PORTLAND, Ore. (KOIN) — Calling it a “rare” and “unusual” case, the Attorney General for Oregon admits the state violated a Beaverton man’s first amendment right to free speech. The state is conceding the violation as it hopes to make Mats Järlström’s federal lawsuit go away, but the Beaverton electronics expert wants to continue his suit on behalf of others like him.
The case stems from Järlström’s efforts to prove red light cameras are setting drivers up for tickets they can’t avoid. The state fined him $500 for the “unlicensed practice of engineering,” even though he says clients at his electronics business don’t require or even care if he’s licensed. Järlström has a degree in electrical engineering, but like most people practicing engineering in the United States, he does not have a state engineering license.
His frustration was felt all the way in Washington D.C. where the Institute for Justice, which fights for peoples’ constitutional rights, decided to back him.
The group filed a federal lawsuit, arguing the State of Oregon can’t own the word engineer and “…to vindicate the right of Plaintiff Mats Järlström to talk and write freely without fear of government punishment.”
Järlström’s lawyers claim the government has no legitimate interest in restricting who can talk about or critique engineering principles.
The Attorney General’s Office argues the state has a critical interest in regulating who calls themselves an engineer, to ensure things like bridges and buildings are built correctly. Christina Beatty-Walters of the AG’s Office says Järlström should be free to talk about his red light camera theories as long as he is not paid to do it, or shares his information in “professional” and “commercial” speech. Judge Stacie Beckerman expressed concerns during a hearing in downtown Portland Monday about how those terms could possibly be defined and differentiated from free speech.

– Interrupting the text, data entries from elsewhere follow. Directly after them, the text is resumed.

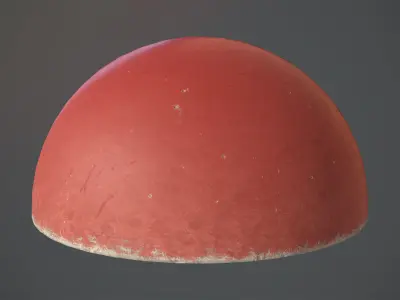 Concrete Hemisphere Barrier Painted Red pack 1 v2 Low-poly 3D model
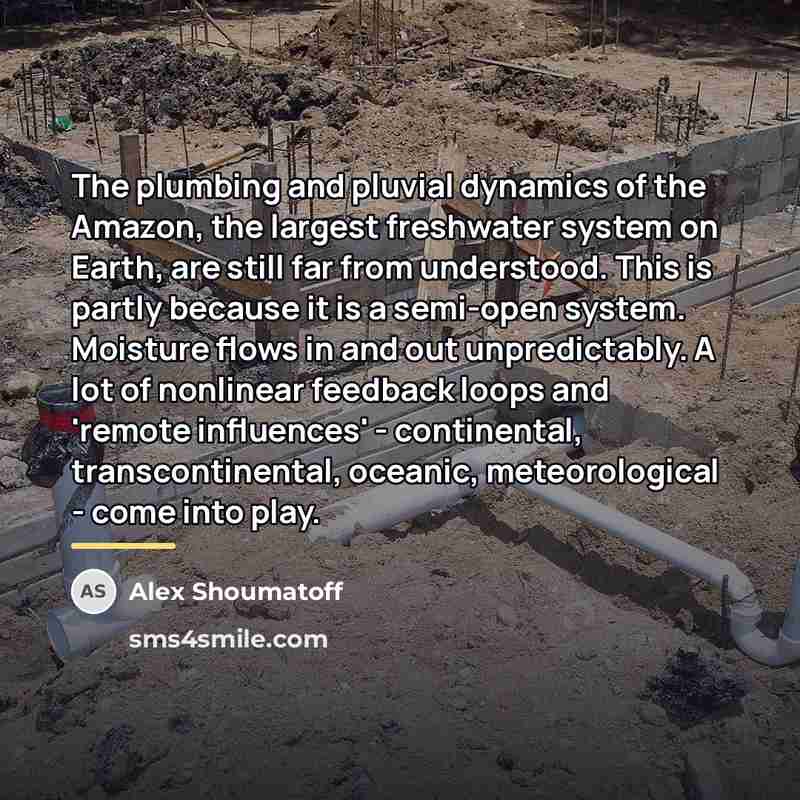 “The plumbing and pluvial dynamics of the Amazon, the largest…” quote by Alex Shoumatoff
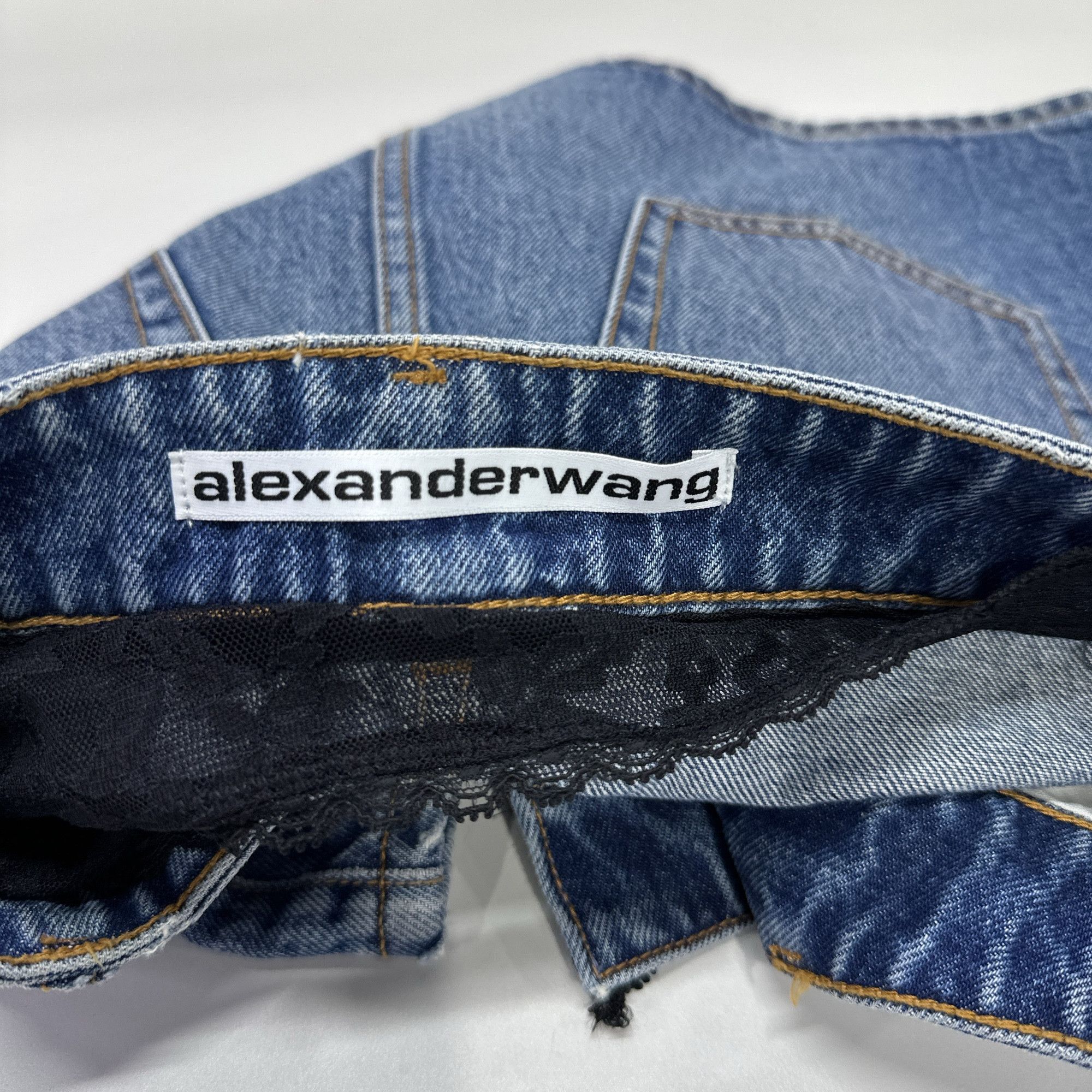 Alexander Wang Alexander Wang Lace Trim Denim Mini Skirt Size 28 Size 28" / US 6 / IT 42 - 3 Thumbnail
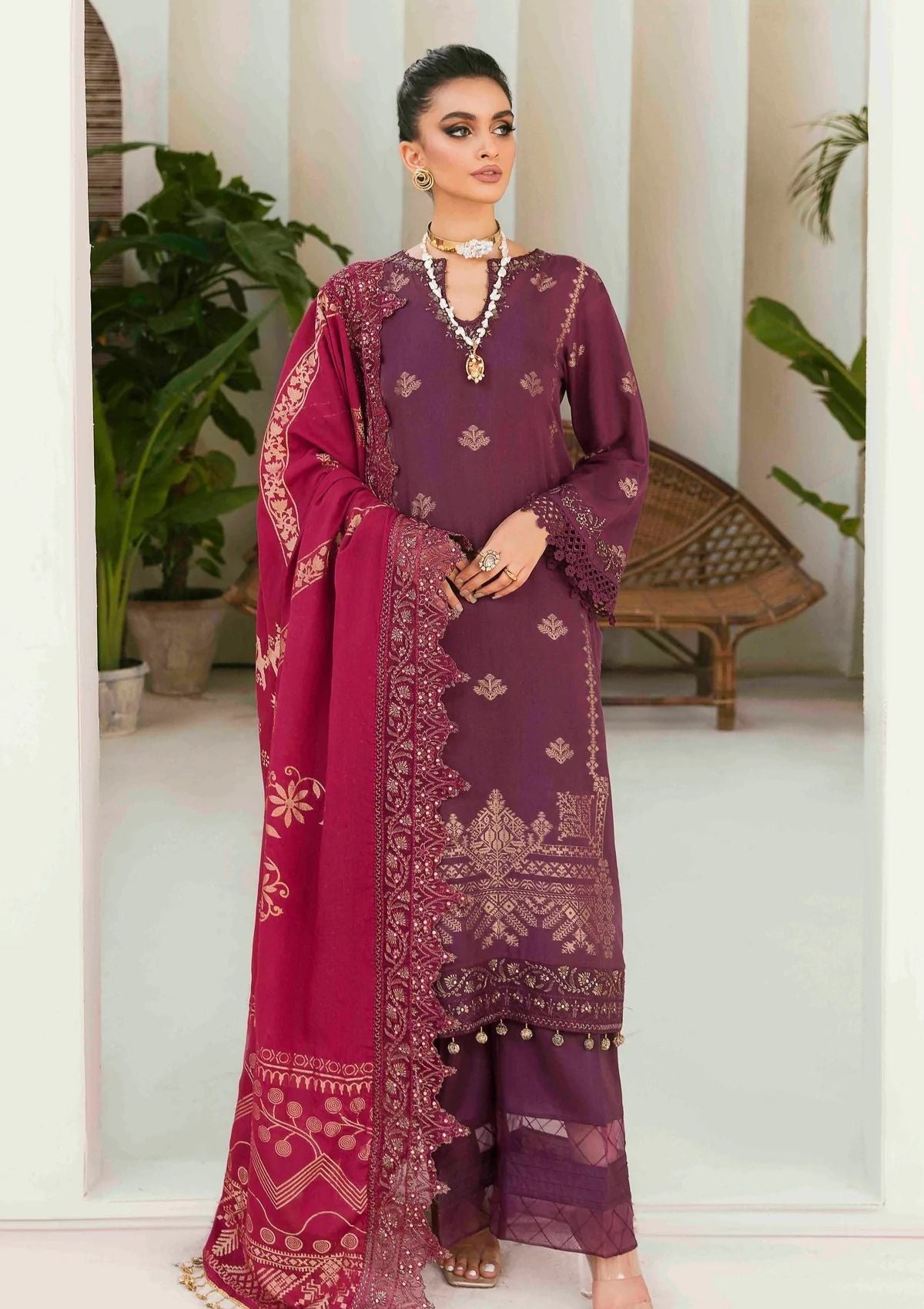 Lawn Collection - Nureh - Maya Jacquard - Cambric - NJ#45 available at Saleem Fabrics Traditions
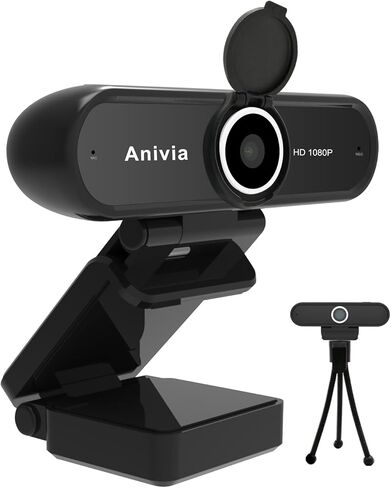 Emonoo W10 1080P HD Webcam with Microphone, Web Camera with Privacy Cover and Tripod Stand, USB Camera for Computer Plug and Play, 30FPS, for Meetings Video Calls Compatible with Desktop Laptop in Kuwait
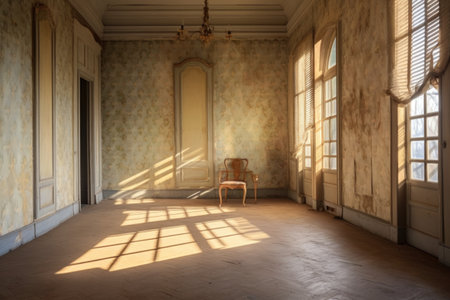 empty room with sunlight casting shadows on walls, created with generative aiの素材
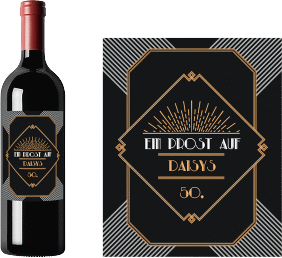 Weinflaschenetikett Hochzeit Glamour Etikett Weinflasche 4er Set schwarz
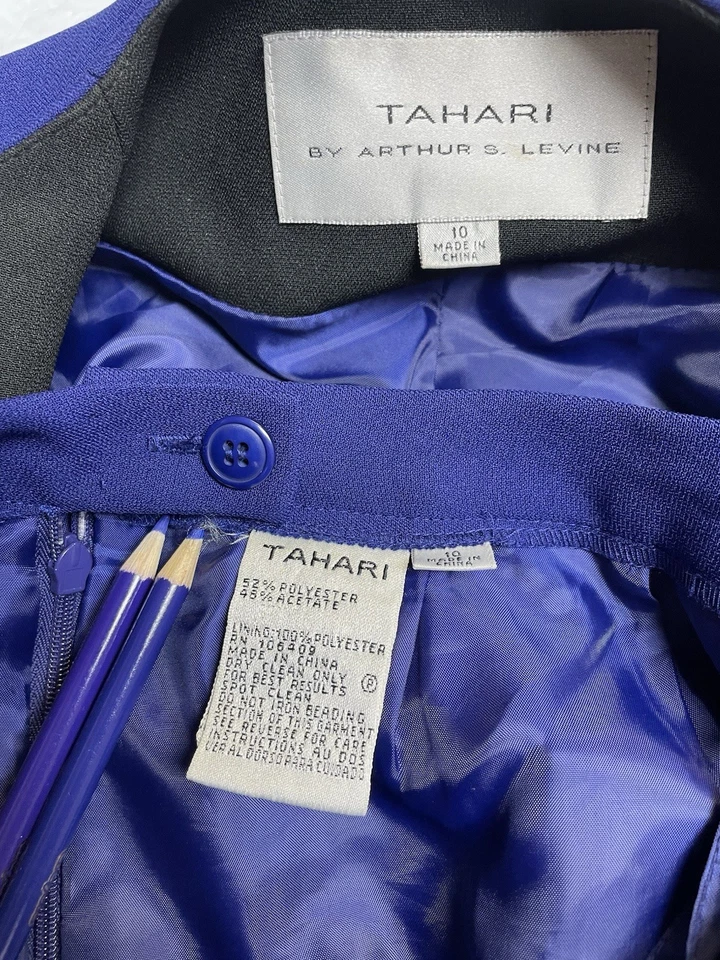 Traje Falda Tahari ASL Talla 10 Se Ajusta Como 6 Conjunto de Dos Piezas Falda Larga Brillante VINT Foto 2 de 4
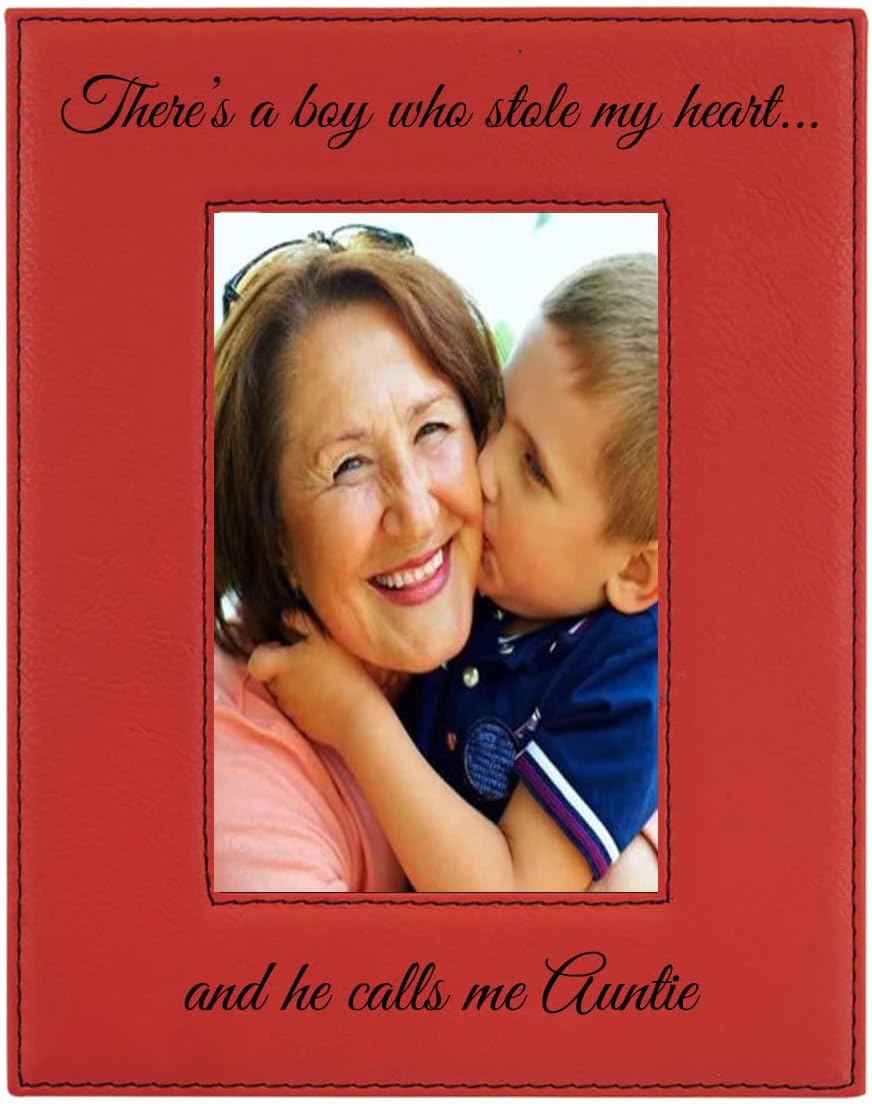 CustomGiftsNow There's a boy who Stole My Heart…and he Calls me Auntie Laser Engraved Faux Leather Red Leatherette Wall Hanging/Tabletop Picture Group Family New Grandchild Baby Photo Frame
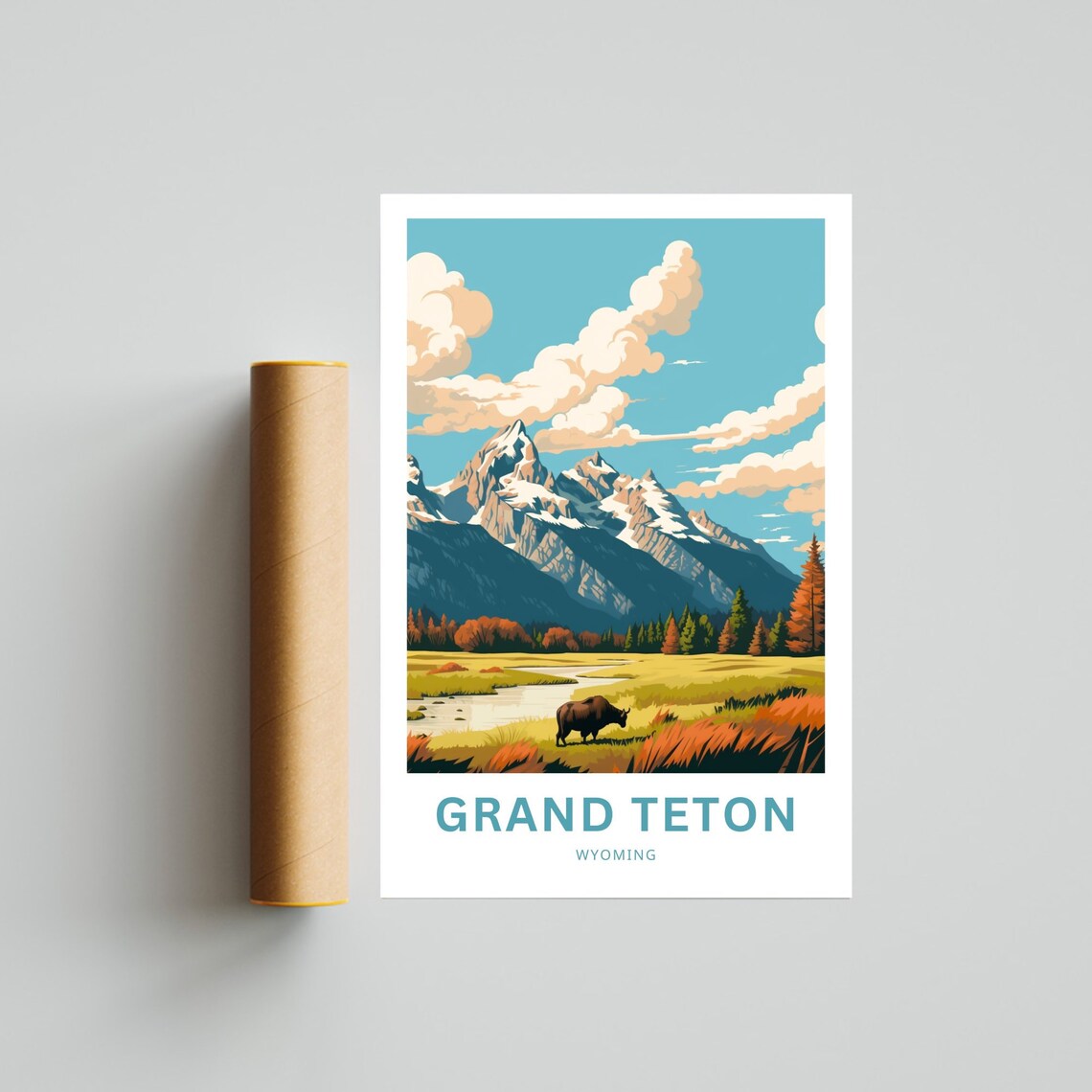 Grand Teton Travel Poster, Wyoming National Park - Image 4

Järlström’s lawyers told the judge he has the right to continue his lawsuit, so other people practicing engineering without a license can continue their work without fear of being punished by the Oregon State Board of Examiners for Engineers and Land Surveying. The State already refunded Järlström the $500 fine. The lawyer for the Attorney General argues the case should be settled for Järlström alone, because the State is giving him “all the relief he needs to continue doing what he’s doing.”
One of the other people facing similar discipline from the state is former Oregon gubernatorial candidate Allen Alley. The state has a pending case against the Republican for using the “e” word in a campaign ad without passing the state’s licensing test.
“Fundamentally, I think it’s wrong that people like me and Mats are going through this when we haven’t really claimed anything that we’re not.” Alley said after attending Järlström’s court hearing. “I have a degree from Purdue. I’ve practiced at Ford and Boeing, I’ve run engineering companies. I’ve won awards for being an engineer. I didn’t say I was a licensed professional engineer.”
The judge told lawyers she would likely issue her ruling in a couple weeks.
According to the National Council of Examiners of Engineering and Surveying, there were 481,717 licensed engineers in the U.S. in 2016. But the National Society of Professional Engineers estimates about 2 million people are practicing engineering.
Many engineering professors aren’t required to be licensed engineers. At Oregon State University, only 13 of 45 faculty members in the Civil and Construction Engineering department have their engineering licenses. The university encourages but does not require their faculty members to become licensed engineers.
“The number drops dramatically outside that department because it’s not as critical to their success,” Scott Ashford, Dean of the OSU College of Engineering, said.
The Institute for Justice is representing Järlström for free, and they’re not seeking any monetary damages. Järlström says this is all about principles.